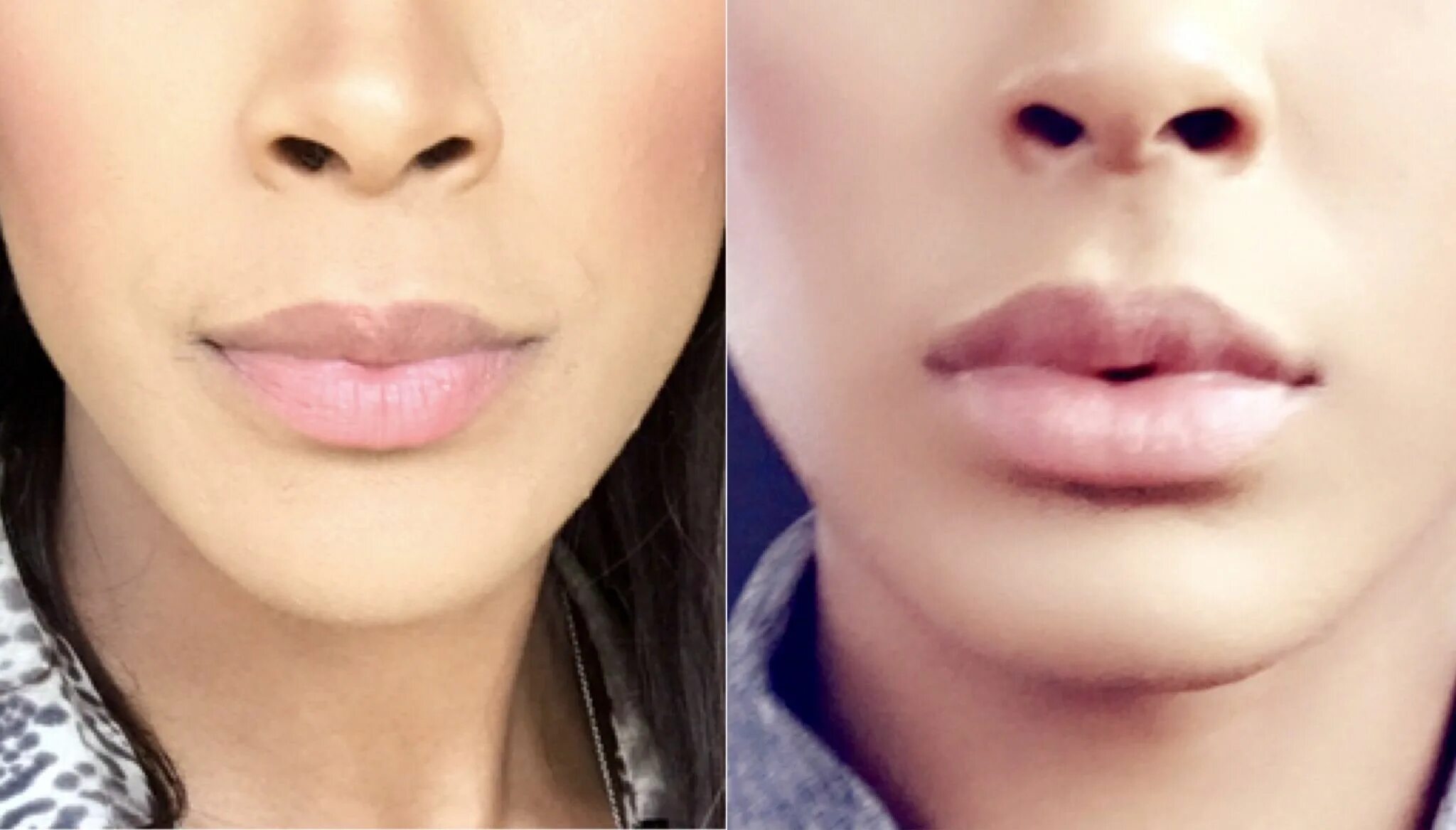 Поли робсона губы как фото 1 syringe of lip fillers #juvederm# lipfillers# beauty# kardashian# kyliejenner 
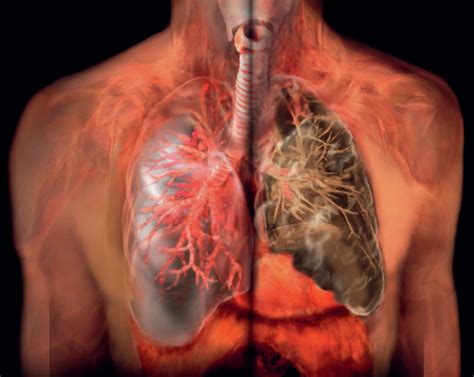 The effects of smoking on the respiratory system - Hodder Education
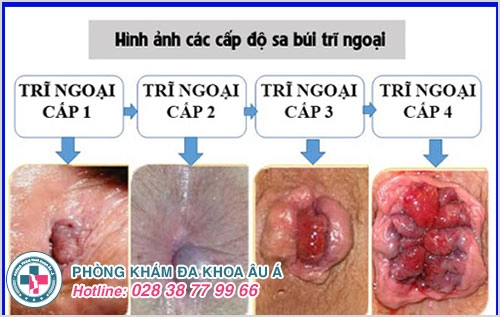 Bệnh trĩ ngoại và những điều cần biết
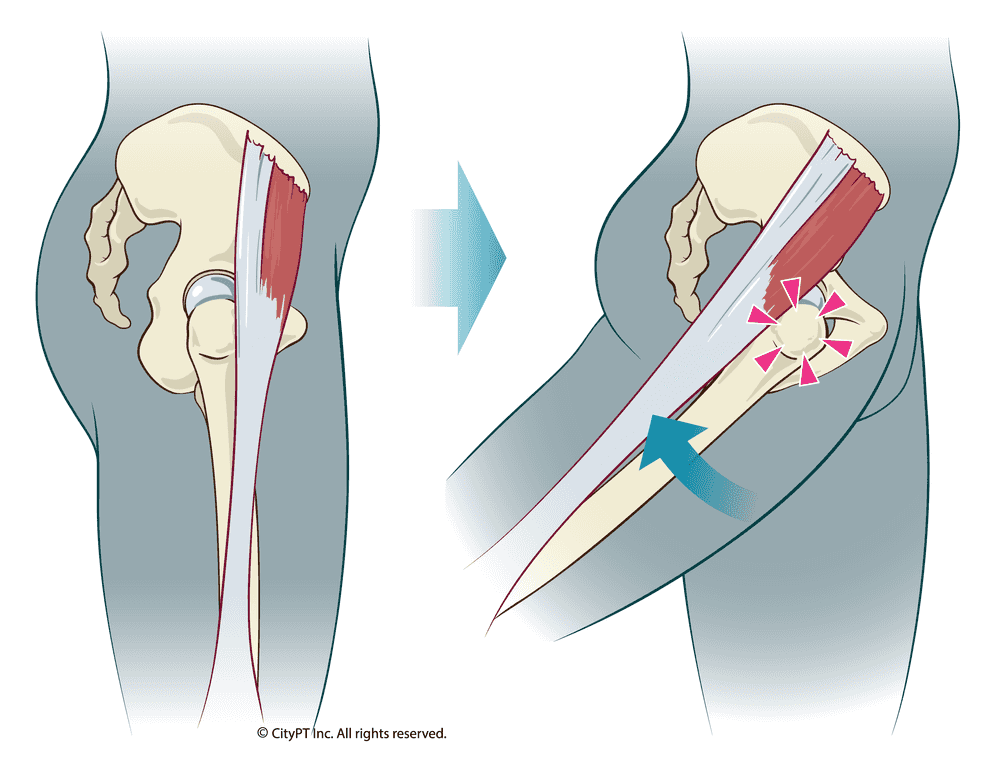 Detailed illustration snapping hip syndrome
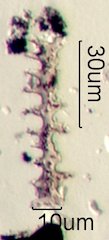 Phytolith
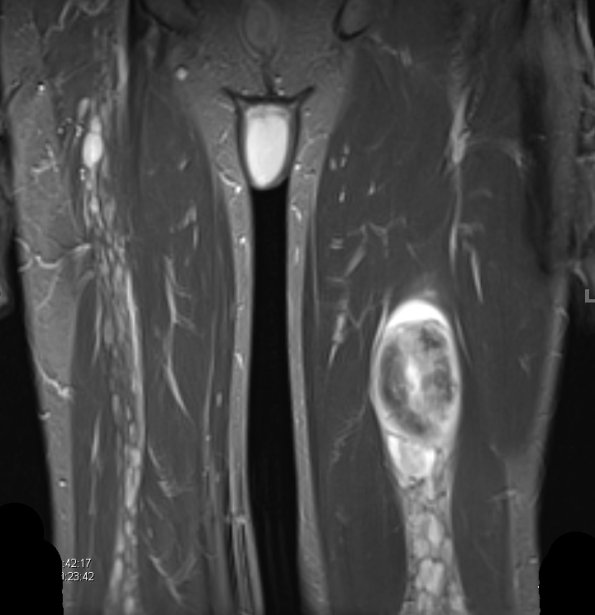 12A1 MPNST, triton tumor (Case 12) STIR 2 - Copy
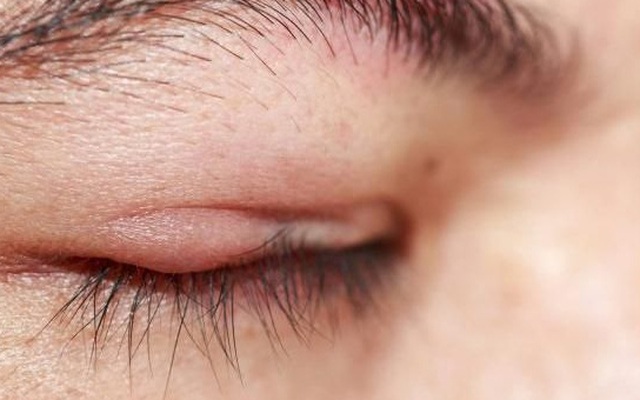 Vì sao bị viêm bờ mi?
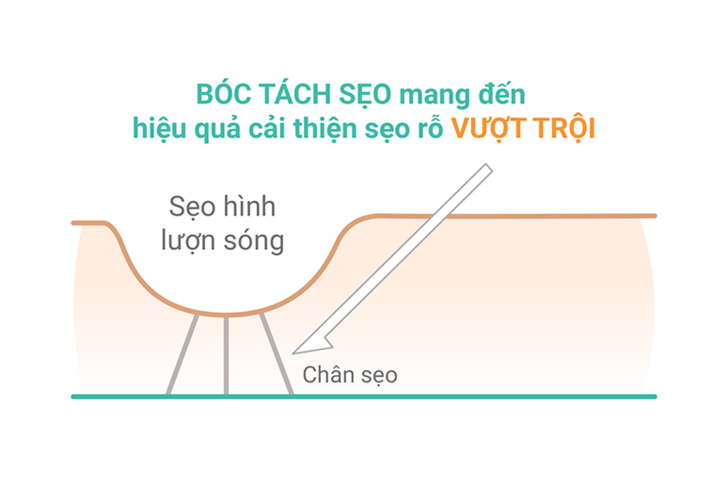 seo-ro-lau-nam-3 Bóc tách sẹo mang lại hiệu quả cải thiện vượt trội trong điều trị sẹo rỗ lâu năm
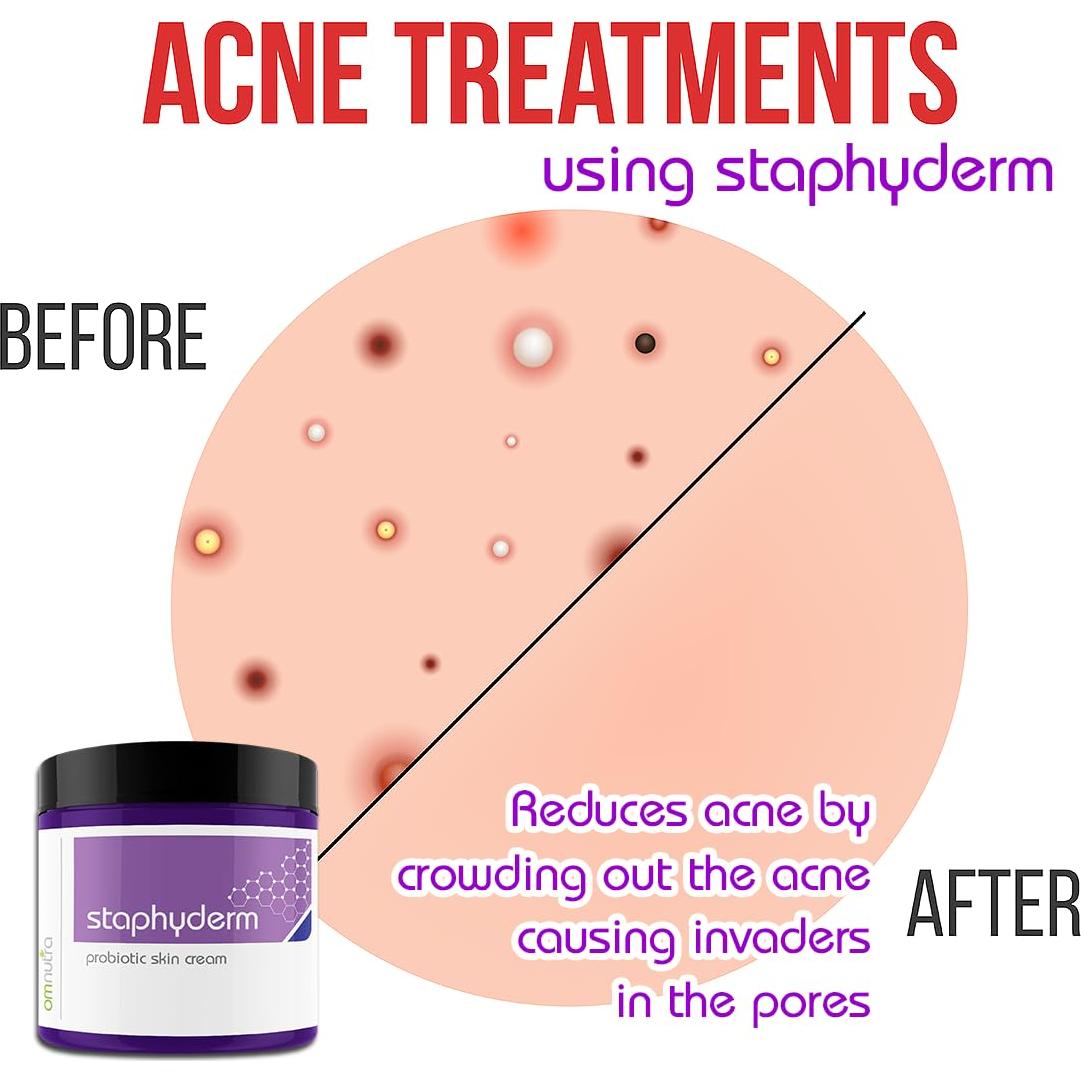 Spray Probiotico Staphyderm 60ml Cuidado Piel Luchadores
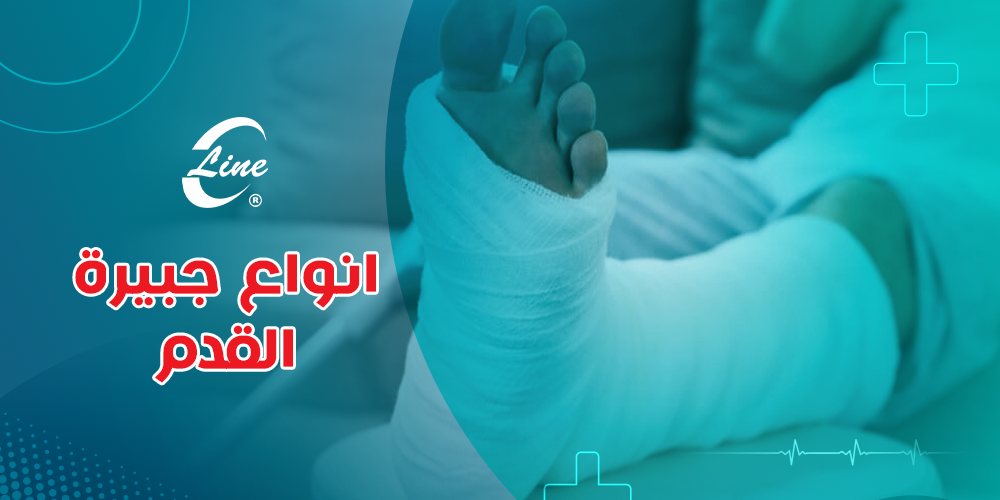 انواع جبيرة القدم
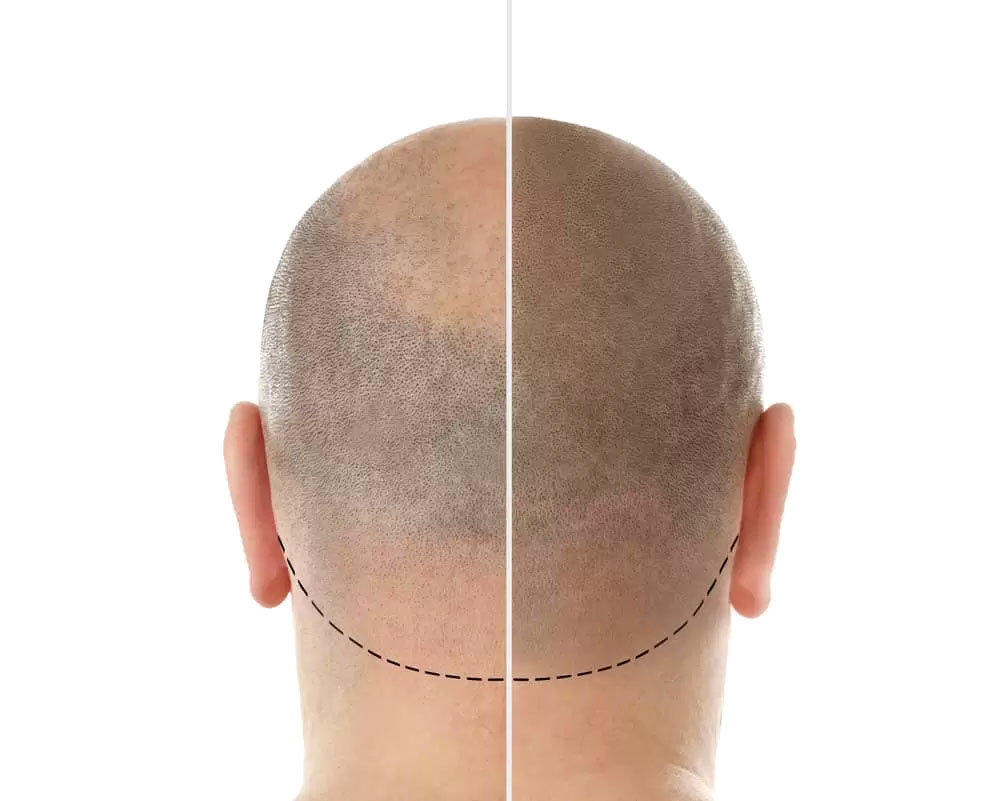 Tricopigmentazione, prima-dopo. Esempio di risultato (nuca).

**PROBLEM REQUIREMENTS**
Copy the full listing above exactly, apart from the pictures.

**RESPONSE AREA**
 Поли робсона губы как фото 1 syringe of lip fillers #juvederm# lipfillers# beauty# kardashian# kyliejenner 
 The effects of smoking on the respiratory system - Hodder Education
 Bệnh trĩ ngoại và những điều cần biết
 Detailed illustration snapping hip syndrome
 Phytolith
 12A1 MPNST, triton tumor (Case 12) STIR 2 - Copy
 Vì sao bị viêm bờ mi?
 seo-ro-lau-nam-3 Bóc tách sẹo mang lại hiệu quả cải thiện vượt trội trong điều trị sẹo rỗ lâu năm
 Spray Probiotico Staphyderm 60ml Cuidado Piel Luchadores
 انواع جبيرة القدم
 Tricopigmentazione, prima-dopo. Esempio di risultato (nuca).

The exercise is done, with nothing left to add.